WORK TO COMPLETE | All lines from the one containing "Canon 50mm f1.8 II - Image 5" through the end of the data below must be reproduced exactly, and no others.

Data items:

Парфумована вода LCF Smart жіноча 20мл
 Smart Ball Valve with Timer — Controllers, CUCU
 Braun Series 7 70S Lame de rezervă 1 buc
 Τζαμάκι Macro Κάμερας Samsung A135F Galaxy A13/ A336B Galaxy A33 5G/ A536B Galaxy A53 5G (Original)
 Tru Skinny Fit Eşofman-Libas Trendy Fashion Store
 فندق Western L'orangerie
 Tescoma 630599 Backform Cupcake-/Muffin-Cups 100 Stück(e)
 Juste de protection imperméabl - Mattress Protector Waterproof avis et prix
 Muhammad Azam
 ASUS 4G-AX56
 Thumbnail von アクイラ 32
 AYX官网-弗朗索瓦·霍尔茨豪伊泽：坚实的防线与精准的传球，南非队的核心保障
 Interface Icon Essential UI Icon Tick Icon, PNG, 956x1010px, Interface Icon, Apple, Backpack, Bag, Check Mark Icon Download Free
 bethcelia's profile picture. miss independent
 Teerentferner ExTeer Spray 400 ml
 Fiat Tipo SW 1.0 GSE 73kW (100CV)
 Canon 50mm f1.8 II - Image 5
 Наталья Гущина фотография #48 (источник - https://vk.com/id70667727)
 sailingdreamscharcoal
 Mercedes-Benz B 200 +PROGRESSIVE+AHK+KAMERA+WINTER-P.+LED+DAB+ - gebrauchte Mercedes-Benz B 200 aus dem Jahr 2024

ANSWER TO THIS EXERCISE |
 Canon 50mm f1.8 II - Image 5
 Наталья Гущина фотография #48 (источник - https://vk.com/id70667727)
 sailingdreamscharcoal
 Mercedes-Benz B 200 +PROGRESSIVE+AHK+KAMERA+WINTER-P.+LED+DAB+ - gebrauchte Mercedes-Benz B 200 aus dem Jahr 2024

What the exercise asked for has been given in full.